Le mouvement de réforme, ou Parti libéral, devient très populaire dans la colonie de Terre-Neuve à l'époque du gouvernement représentatif (1832-1855). Il s'adresse aux groupes sociaux qui se sentent négligés par les classes dirigeantes de la colonie. Les partisans de la réforme plaident aussi bien pour les intérêts des pêcheurs que ceux des professionnels et commerçants locaux. Ils prennent la défense des catholiques, des méthodistes, des Irlandais et des Écossais contre l'élite gouvernante que sont les Anglais de confession anglicane. Ils s'érigent également contre les riches marchands associés à l'Angleterre, qui ont la mainmise sur le seul grand secteur économique de la colonie, le commerce du poisson. L'attention qu'ils portent à ces groupes de citoyens mécontents leur permet d'obtenir un nombre assez considérable de votes et leur assure souvent la majorité à la Chambre d'assemblée.
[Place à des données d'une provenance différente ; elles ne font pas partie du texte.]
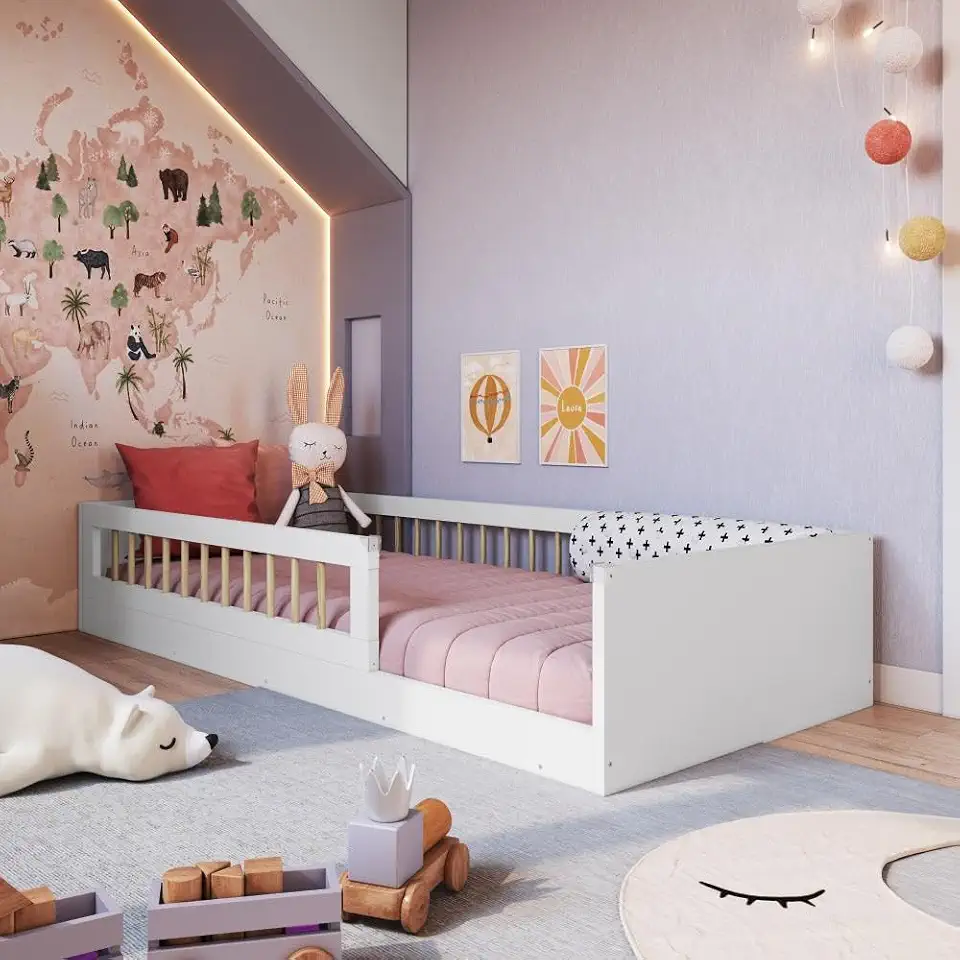 Cama Infantil de Chão Montessoriana de Solteiro para Menino e Menina com Grade de Proteção Lateral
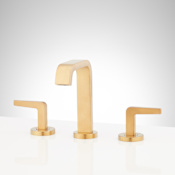 Signature Hardware Drea 1.2 GPM Widespread Bathroom Faucet with Pop-Up Drain Assembly Brushed Gold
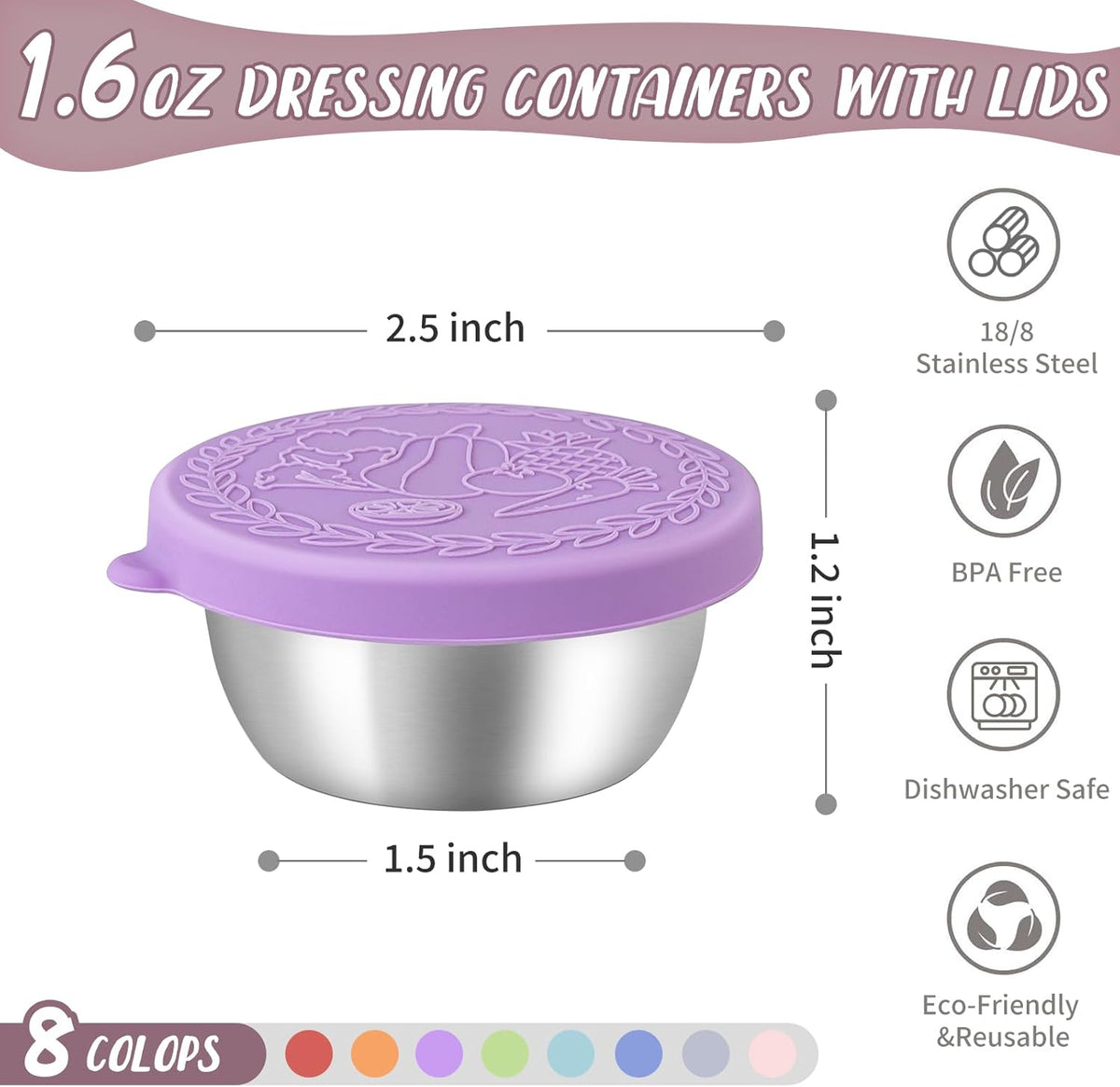 8 Pack - 1.6 Oz Small Salad Dressing Containers to Go, Sauce Cups with Lids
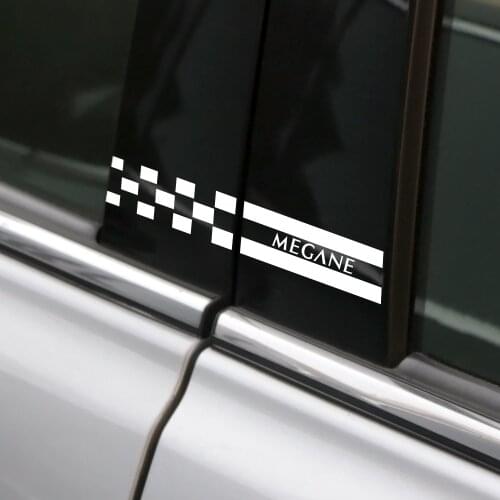 2PCS Car Reflective Decals Window B Pillars Stickers For Renault Megane 2 3 Scenic 4 1 Auto Column Cover Film Car Accessories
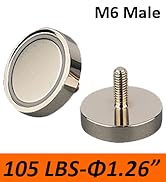 MUTUACTOR 92lbs Neodymium Round Magnets Heavy Duty,2Pack Strong Cup Magnets with M6 Male Threaded...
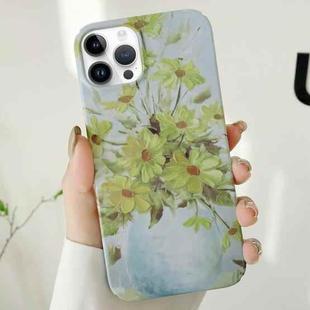 For iPhone 16 Pro Varnishing Water Stick PC Phone Case(Small Chrysanthemum)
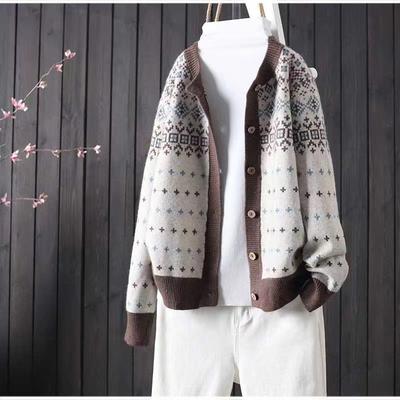 Crew Neck Knitted Cardigan Women's Literary and Retro Long-sleeved Temperament Casual Loose and Thin Sweater Women's Coat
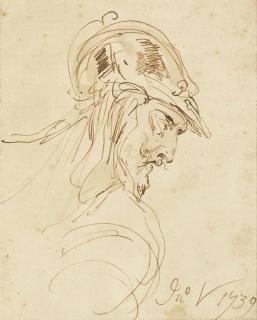 John Vanderbank - Portrait head study of Don Quixote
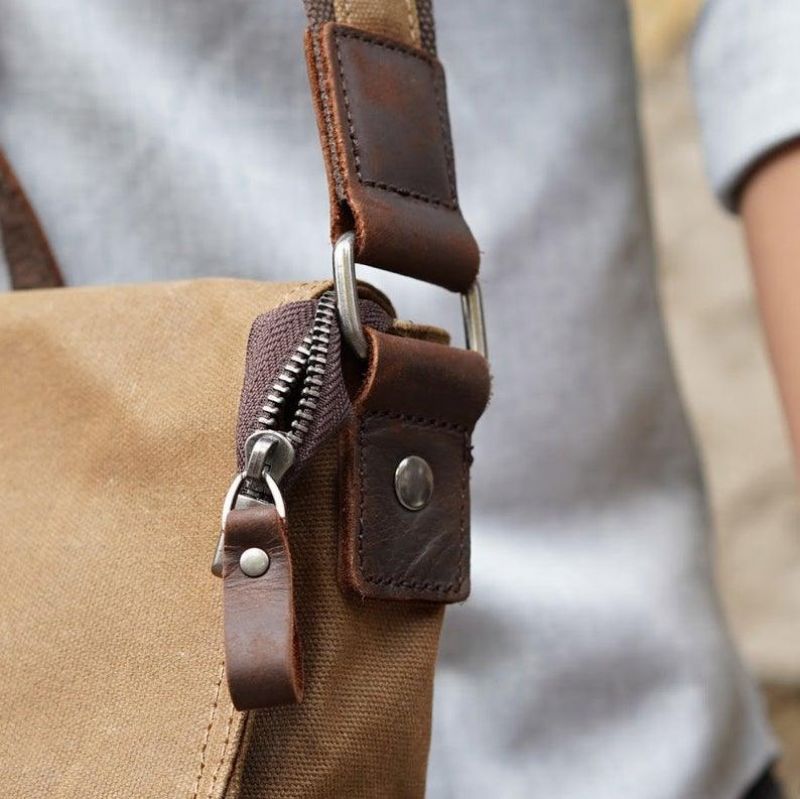 Vintage Messenger Bag Aus Canvas Umhängetasche Für Herren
Leur opposant est le Parti conservateur ou tory, le porte-parole habituel de l'Église anglicane et de la classe marchande. Les conservateurs s'efforcent de préserver le favoritisme politique de l'Église anglicane dans l'appareil gouvernemental. Ils se font également les protecteurs des intérêts des marchands locaux. Les Partis conservateur et libéral tirent souvent avantage des tensions sociales pour gagner l'appui de l'électorat des couches de population dont ils se déclarent les représentants. En fait, ils accentuent le fractionnement de la société de l'île de Terre-Neuve en catégories sociales, religieuses et ethniques.

Les antagonismes sociaux

En novembre 1832 se tient la première élection générale de la colonie. Précédemment, la Grande-Bretagne se chargeait de nommer les gouverneurs qui, à leur tour, choisissaient les membres du conseil exécutif, les juges et autres fonctionnaires. La plupart d'entre eux sont financièrement à l'aise, d'origine anglaise, et appartiennent à l'Église anglicane. C'est d'ailleurs l'institution religieuse la plus choyée parmi toutes celles représentées dans la colonie. Elle bénéficie du favoritisme du gouvernement et d'une grande partie des subventions publiques. Plusieurs des représentants désignés sont aussi des marchands, sinon des personnes favorables aux intérêts des marchands.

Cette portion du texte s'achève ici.